A clerk at a video store on North Highland Avenue said he made a call on his iPhone4 during a slow moment on the job. After the call ended, he put the iPhone on a counter and waited on two customers. A few minutes later — yep — his iPhone was gone. The clerk didn't do anything about the theft for a few days. Then his friend mentioned that he received some rather risqué texts from the clerk's missing iPhone — naked photos of some dude with tattoos on his neck and ears.
The clerk believes the naked guy is a customer he waited on at the video store.
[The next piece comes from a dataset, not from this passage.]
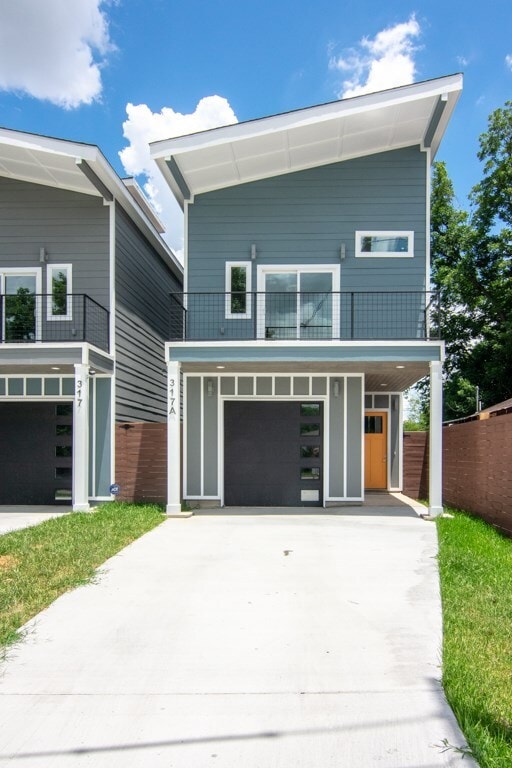 Photo - 317-A W 35th St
NEW YEAR, NEW WOUNDS: Just 90 minutes into 2012, an officer responded to a call about a 26-year-old man who'd been shot in the stomach on Campbellton Road. The guy's girlfriend told police she was unlocking the door to her apartment when the upstairs neighbor started shooting his gun off to celebrate the New Year, and a stray bullet struck her boyfriend. The girlfriend said she didn't know the neighbor's name, but described him as a tall, skinny bald guy wearing a dark sweater and a hat.
A helpful citizen revealed to police that the girlfriend's story, yeah, it was a lie. The 26-year-old man actually shot himself and didn't want to admit it to police. The officer inspected the 26-year-old man's clothes for clues and wrote, "Looking at the jacket that he was wearing, the bullet hole was on the inside of his right pocket, indicating that he did shoot himself."
WHERE WOULD JESUS POOP? In Midtown, an officer got a call about a suspicious man walking around a Methodist church on Ponce de Leon Avenue. At around 2 a.m., the officer drove up and talked to the guy, who claimed to be the pastor of the church. The man-who-would-be-pastor was sitting by the door. As the officer walked closer, he noticed (and smelled) that the guy had taken a dump on the church steps. The man, 45, was charged with defecating in public and went to jail.
HIGH TIMES: A woman said she was at a vacant apartment on Martin Luther King Jr. Drive when a man named "Dollar" pulled her hair, robbed her, and raped her — also Dollar cut her man's throat and set him on fire near the creek. An officer looked around and found a few problems with her story. First, the vacant apartment she mentioned — it burned down months ago. And there's no creek — the area is landlocked. The officer asked: What did Dollar steal? The woman said she didn't remember, then she said he stole some cans. Apparently, the woman is a crack addict, and a paranoid schizophrenic to boot. Medics confirmed that she was on drugs and not seriously hurt.
Items in the Blotter are taken from actual Atlanta police reports. The Blotter Diva compiles them and puts them into her own words.